**What is needed:**
Make an exact copy of the entries below and leave any picture out of it.

━━━━━━━━━━

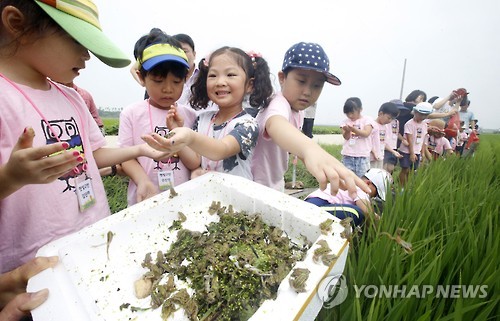 Frogs Live Happily in Eco-Friendly Farmland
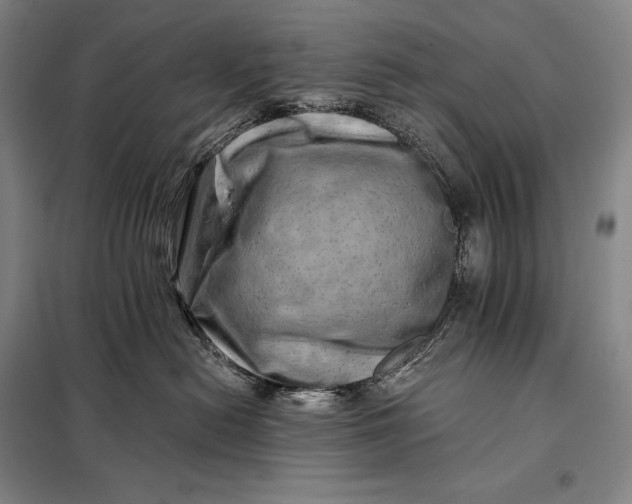X0000098130478200805011325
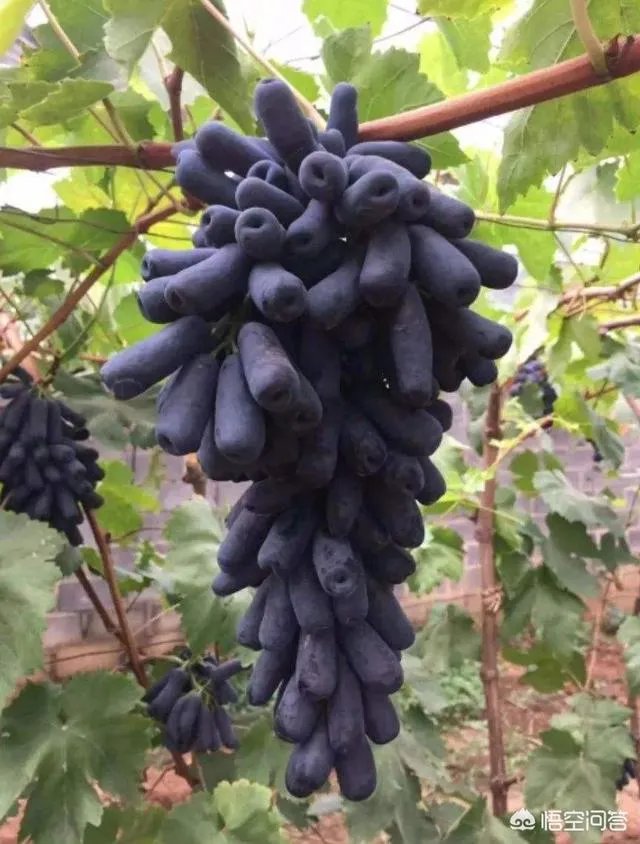 蓝宝石葡萄苗多少钱一棵？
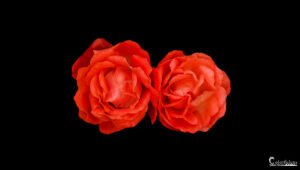 Deux roses rouges resplendissant contre un fond sombre, symbolisant l'élégance et la passion. Parfait pour les thèmes liés à l'amour et la beauté naturelle.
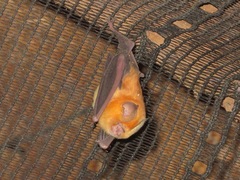 Hipposideros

━━━━━━━━━━

**Response box:**
 Frogs Live Happily in Eco-Friendly Farmland
X0000098130478200805011325
 蓝宝石葡萄苗多少钱一棵？
 Deux roses rouges resplendissant contre un fond sombre, symbolisant l'élégance et la passion. Parfait pour les thèmes liés à l'amour et la beauté naturelle.
 Hipposideros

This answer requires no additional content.